Exercise directions
Once the pictures are set aside, reproduce the remaining data exactly.

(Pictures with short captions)
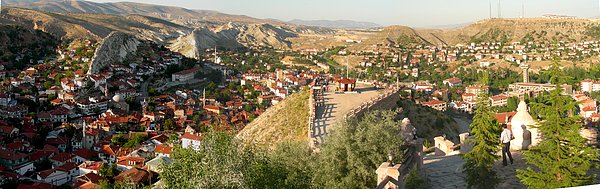 Atıl durumda olan İnözü Vadisi'ni bir cazibe merkezi haline getirdi ve burada arazisi olan vatandaşları teşvik ederek yeme-içme mekanları açılmasını sağladı.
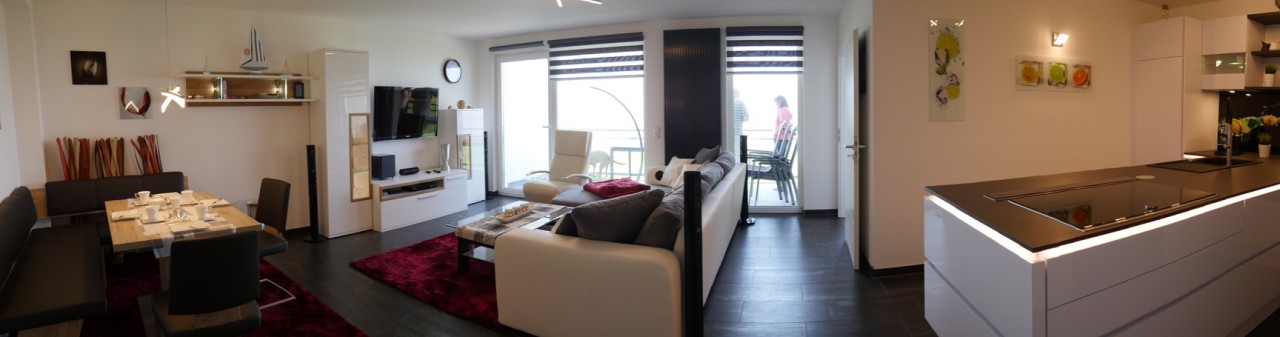 Meerblick aus dem gesamten Wohn- und Essbereich der Ferienwohnung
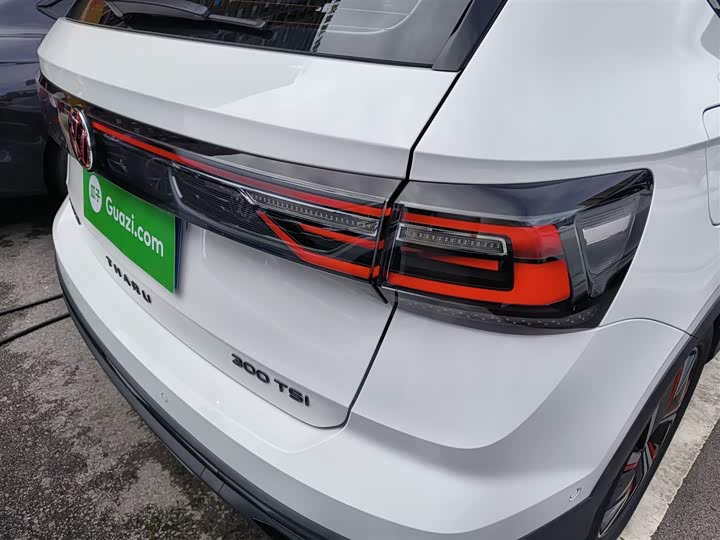 Фото 8 - Volkswagen Tharu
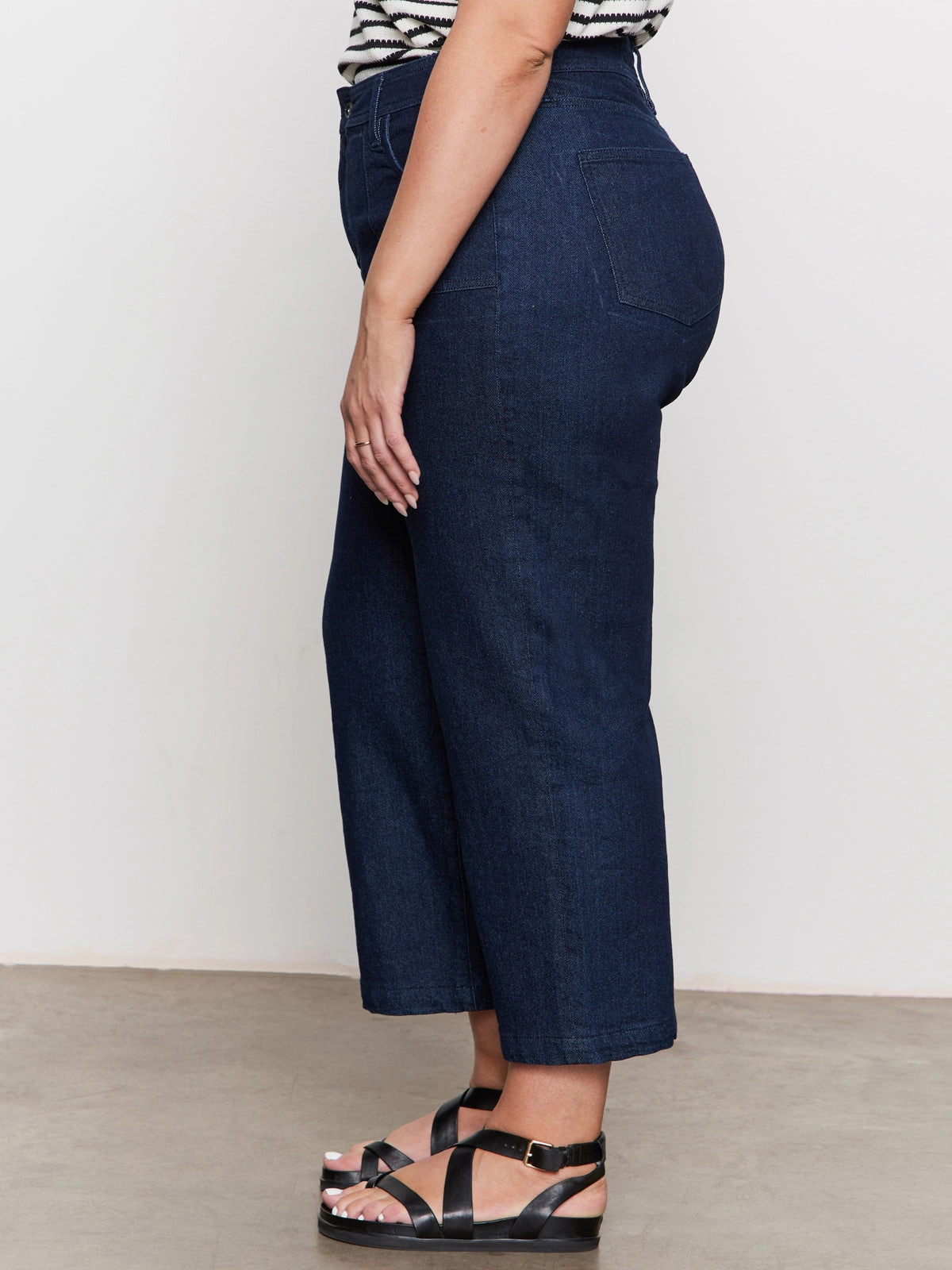 League Crop Jeans Plot Twist Extended Sizing Cuffed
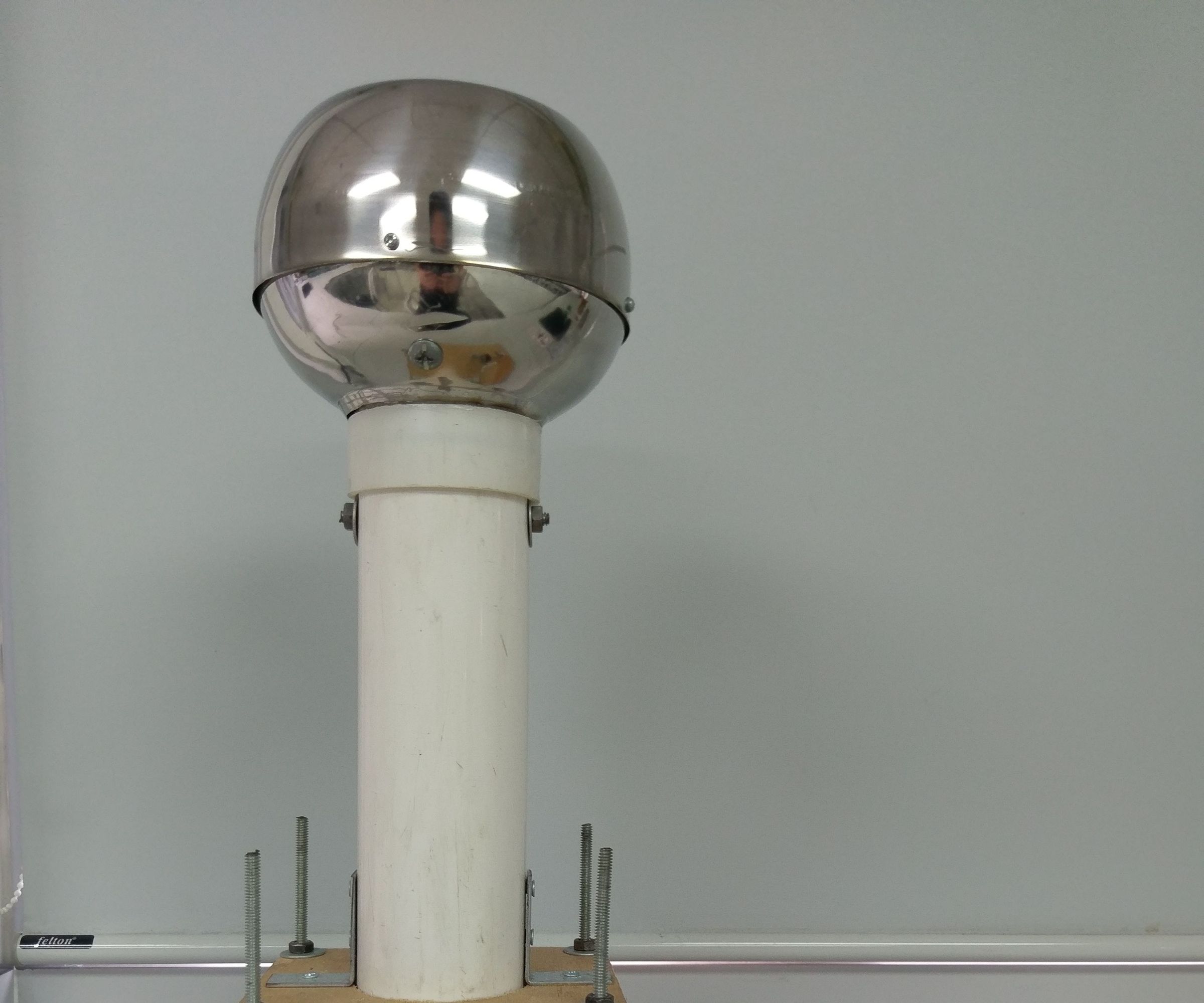 How to Make a Van De Graaff Generator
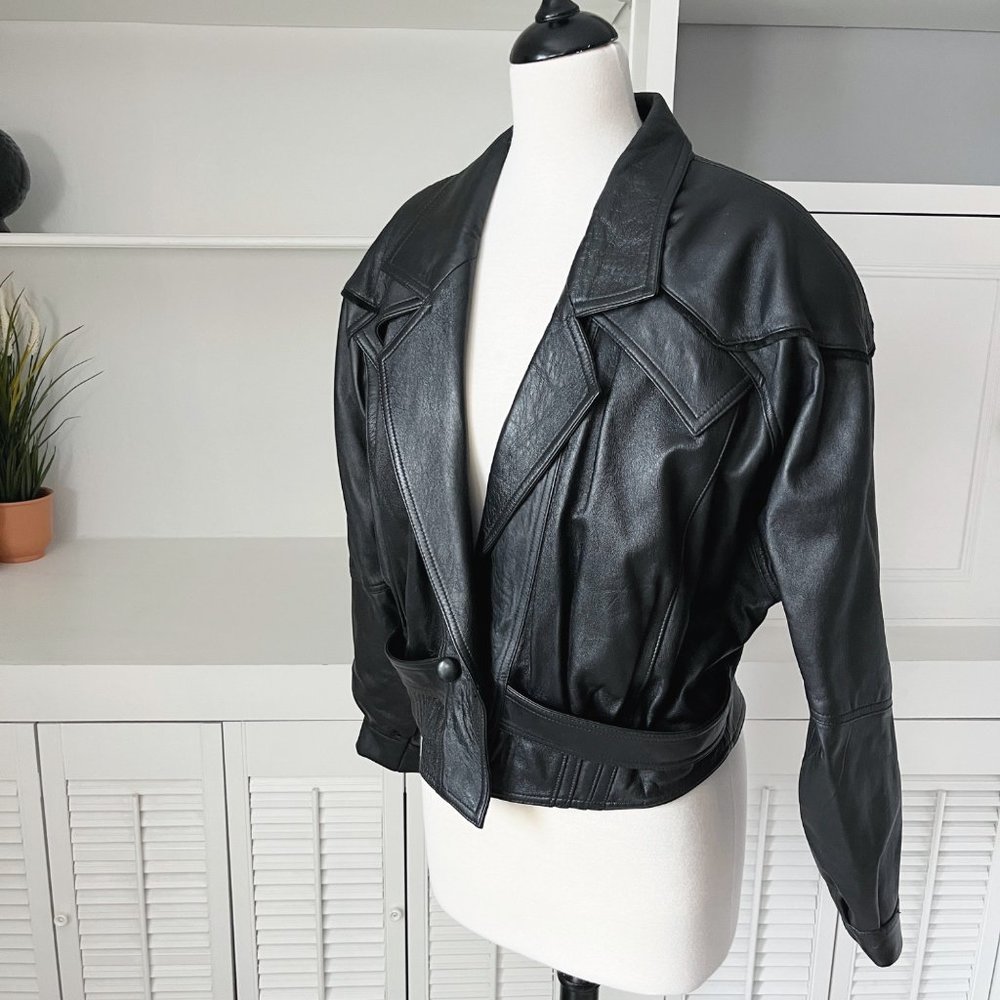 Vintage Black Leather Cropped V-Neck Leather Jacket | S/M - Picture 3 of 9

Answer box
 Atıl durumda olan İnözü Vadisi'ni bir cazibe merkezi haline getirdi ve burada arazisi olan vatandaşları teşvik ederek yeme-içme mekanları açılmasını sağladı.
 Meerblick aus dem gesamten Wohn- und Essbereich der Ferienwohnung
 Фото 8 - Volkswagen Tharu
 League Crop Jeans Plot Twist Extended Sizing Cuffed
 How to Make a Van De Graaff Generator
 Vintage Black Leather Cropped V-Neck Leather Jacket | S/M - Picture 3 of 9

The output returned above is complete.